Living in coastal California for many years, I saw a lot of erosion and shifting beaches. The response to this has largely been development of hard infrastructure such as seawalls and fabricated cliff faces. It’s nice to hear more discussion today of nature-based solutions and opportunities for living shorelines and ongoing management tactics that allow for changing conditions that seek to improve ecological value while protecting human resources. 

You have an ecology background, how have you been able to incorporate this into your resiliency planning work for both coastal and inland projects?

My background in ecology drives my interest in resiliency planning. It doesn’t come into play per se, but informs how I think about resiliency and the values I put forward as we make decisions on what to prioritize. I want the city to thrive, but I want it to do so alongside a thriving ecology, in the water and out. Planning for stormwater management, improved canopy and coastal parklands helps to promote that. 

The City of Boston has been very proactive in planning for climate change and you have worked on a number of projects for them that have set the bar. Is the city shifting into implementation mode? Are you starting to see them act on the plans?

Yes! We are currently working on 3 projects that have emerged from the district scale planning and are moving into site-specific vision and design development in the coming years.
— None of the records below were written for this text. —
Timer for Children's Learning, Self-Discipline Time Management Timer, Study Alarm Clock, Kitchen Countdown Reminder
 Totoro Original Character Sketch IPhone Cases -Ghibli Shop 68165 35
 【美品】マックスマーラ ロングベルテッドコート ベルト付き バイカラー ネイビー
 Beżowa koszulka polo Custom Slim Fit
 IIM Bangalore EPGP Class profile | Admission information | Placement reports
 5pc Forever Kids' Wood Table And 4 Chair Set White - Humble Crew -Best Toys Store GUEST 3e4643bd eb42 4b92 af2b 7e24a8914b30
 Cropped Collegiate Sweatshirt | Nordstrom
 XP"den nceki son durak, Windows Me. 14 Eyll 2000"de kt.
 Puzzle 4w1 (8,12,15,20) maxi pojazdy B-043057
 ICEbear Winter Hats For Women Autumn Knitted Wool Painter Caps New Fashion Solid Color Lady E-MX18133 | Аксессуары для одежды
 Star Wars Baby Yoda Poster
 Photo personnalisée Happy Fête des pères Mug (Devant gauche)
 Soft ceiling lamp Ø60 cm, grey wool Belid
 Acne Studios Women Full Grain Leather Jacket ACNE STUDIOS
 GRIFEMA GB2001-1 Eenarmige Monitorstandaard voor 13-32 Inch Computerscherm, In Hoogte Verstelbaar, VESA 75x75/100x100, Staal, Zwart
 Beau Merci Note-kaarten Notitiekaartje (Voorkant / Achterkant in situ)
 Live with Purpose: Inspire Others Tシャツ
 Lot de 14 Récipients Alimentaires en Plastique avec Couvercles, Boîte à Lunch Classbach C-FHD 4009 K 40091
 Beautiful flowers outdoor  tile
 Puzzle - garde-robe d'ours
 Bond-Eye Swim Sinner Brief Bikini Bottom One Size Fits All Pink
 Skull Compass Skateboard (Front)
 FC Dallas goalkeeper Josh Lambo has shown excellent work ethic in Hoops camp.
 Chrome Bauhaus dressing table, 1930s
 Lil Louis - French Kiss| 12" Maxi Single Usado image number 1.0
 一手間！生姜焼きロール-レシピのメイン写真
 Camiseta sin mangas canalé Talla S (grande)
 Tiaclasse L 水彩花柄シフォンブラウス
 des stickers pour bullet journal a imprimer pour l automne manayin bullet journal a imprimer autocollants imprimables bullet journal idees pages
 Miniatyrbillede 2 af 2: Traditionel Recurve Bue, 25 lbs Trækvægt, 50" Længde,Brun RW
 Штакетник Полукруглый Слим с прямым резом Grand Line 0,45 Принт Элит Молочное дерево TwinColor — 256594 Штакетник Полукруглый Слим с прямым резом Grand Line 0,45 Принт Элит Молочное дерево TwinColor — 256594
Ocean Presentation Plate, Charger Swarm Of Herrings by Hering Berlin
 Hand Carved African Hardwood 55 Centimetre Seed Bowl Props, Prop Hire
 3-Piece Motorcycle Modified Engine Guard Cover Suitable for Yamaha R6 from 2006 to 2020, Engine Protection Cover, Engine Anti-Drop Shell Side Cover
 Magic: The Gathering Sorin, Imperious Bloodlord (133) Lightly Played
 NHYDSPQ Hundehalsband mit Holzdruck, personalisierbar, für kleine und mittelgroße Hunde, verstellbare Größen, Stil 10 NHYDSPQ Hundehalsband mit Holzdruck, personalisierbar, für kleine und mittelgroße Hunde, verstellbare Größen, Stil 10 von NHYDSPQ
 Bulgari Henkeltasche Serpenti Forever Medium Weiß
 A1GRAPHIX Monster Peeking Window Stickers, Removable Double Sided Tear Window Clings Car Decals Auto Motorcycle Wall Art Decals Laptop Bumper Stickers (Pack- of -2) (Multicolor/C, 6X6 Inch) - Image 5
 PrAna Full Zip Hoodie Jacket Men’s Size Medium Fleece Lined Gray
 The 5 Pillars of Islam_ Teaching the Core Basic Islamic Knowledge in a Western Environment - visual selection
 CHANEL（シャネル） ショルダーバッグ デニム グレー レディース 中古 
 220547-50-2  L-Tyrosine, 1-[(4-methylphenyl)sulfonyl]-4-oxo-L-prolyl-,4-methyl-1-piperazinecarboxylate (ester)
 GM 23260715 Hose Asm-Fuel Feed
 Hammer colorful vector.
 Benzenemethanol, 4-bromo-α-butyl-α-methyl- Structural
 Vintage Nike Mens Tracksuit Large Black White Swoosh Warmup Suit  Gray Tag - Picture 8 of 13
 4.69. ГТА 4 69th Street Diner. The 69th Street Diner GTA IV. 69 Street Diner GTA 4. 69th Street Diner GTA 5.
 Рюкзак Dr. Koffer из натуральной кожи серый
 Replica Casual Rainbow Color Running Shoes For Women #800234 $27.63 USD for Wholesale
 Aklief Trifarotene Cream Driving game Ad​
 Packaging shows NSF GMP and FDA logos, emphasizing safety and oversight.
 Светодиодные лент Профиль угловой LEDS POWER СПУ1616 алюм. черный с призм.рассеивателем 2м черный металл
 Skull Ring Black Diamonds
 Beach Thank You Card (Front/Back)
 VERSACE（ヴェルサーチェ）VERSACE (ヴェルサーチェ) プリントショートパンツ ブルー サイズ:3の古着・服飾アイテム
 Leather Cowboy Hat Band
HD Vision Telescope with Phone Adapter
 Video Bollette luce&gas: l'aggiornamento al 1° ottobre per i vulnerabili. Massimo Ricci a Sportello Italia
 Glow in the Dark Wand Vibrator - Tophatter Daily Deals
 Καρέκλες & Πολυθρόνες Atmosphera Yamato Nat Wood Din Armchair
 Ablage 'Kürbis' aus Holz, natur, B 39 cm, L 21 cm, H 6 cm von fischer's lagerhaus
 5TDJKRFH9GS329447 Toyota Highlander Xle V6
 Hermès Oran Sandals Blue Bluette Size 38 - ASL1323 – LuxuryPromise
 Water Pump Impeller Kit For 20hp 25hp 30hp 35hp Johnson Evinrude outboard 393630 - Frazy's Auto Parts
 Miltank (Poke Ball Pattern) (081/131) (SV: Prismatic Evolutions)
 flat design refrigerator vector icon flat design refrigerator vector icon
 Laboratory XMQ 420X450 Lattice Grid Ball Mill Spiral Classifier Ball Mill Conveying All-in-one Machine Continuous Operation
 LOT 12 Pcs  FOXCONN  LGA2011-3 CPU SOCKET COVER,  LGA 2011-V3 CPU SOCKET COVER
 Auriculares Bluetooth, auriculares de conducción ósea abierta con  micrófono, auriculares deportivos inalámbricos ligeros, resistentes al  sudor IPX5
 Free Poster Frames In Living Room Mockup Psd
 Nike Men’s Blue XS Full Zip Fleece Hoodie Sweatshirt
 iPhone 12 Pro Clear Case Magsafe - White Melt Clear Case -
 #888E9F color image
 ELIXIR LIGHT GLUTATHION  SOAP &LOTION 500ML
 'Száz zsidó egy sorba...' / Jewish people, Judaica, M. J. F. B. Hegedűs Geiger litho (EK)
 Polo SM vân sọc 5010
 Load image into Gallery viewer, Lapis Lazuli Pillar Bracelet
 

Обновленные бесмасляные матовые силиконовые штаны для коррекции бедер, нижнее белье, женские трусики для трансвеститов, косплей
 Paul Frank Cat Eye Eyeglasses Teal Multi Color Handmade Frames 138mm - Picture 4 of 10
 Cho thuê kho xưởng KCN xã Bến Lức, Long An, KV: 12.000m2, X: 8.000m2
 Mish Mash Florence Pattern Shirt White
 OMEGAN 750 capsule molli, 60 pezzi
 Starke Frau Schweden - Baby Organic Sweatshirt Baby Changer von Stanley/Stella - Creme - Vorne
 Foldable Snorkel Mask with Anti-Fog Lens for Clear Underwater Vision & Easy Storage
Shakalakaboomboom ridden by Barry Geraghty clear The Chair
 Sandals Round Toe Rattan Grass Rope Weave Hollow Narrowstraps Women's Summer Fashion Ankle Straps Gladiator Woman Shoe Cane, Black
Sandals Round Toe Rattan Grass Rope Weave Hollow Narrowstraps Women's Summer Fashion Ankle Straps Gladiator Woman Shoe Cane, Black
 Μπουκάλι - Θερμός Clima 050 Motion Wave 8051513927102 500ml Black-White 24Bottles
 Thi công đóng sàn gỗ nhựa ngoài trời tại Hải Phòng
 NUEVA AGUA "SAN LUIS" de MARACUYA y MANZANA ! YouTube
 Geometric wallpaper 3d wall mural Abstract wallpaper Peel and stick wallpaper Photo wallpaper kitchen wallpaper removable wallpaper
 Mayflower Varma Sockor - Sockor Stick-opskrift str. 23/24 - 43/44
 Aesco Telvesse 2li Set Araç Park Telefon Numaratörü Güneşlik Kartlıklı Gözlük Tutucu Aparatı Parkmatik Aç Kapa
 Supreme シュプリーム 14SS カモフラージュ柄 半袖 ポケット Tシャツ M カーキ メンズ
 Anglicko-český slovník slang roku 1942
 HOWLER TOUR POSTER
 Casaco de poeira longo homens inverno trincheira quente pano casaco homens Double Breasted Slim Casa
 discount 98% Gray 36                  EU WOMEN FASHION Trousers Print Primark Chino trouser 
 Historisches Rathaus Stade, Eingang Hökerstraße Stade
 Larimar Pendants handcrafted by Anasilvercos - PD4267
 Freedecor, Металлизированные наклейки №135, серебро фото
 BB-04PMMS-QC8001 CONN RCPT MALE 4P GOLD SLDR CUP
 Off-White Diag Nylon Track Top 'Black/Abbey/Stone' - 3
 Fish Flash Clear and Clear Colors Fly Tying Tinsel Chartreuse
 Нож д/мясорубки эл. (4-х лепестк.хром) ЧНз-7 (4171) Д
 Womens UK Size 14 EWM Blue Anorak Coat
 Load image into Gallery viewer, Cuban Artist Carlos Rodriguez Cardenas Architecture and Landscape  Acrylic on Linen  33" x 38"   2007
Two of those were direct outcomes of our work on the East Boston and Charlestown Coastal Resilience Solutions project in 2017. 

Moakley Park is not well known in Boston but plays a huge role in protecting the city from storm surge, how might your work on this project inform how other coastal cities can adapt to a changing climate?

Moakley Park is a great opportunity to showcase many innovative design principles and solutions to very difficult challenges.  The Vision Plan itself is a good model for how city planning can lead to site-specific implementation and continue to coordinate with state and local entities to ensure construction aligns with adjacent efforts to complete a stretch of coastal flood protection. As we move through the design, we know that we will encounter many sub-grade challenges from varied urban soil conditions that tend toward subsidence to high groundwater and the presence of critical utilities. Stay -tuned for more as we collaborate with our engineering team to develop creative design solutions to these challenges. 

You are leading research initiatives at Stoss. What issues are you exploring, what areas of the practice are you looking forward to expanding in 2021?

Right now I am focusing on two efforts, one in Boston and one in Los Angeles. In Boston I’m coordinating with researchers at UMass through the Stone Living Lab. We’re working on ways to expand their research on seawall materials into the urban environment and hope to further expand this in the future. In Los Angeles, Stoss Associate, Davi Schoen, and I are working with City Plants and Tree People on a visualization of their efforts to establish principles and planning for tree equity in LA County. This means really looking at the current conditions of the tree canopy and evaluating how and where to increase canopy while focusing on the neighborhoods and communities that have historically suffered health and excess heat conditions that result from low canopy levels.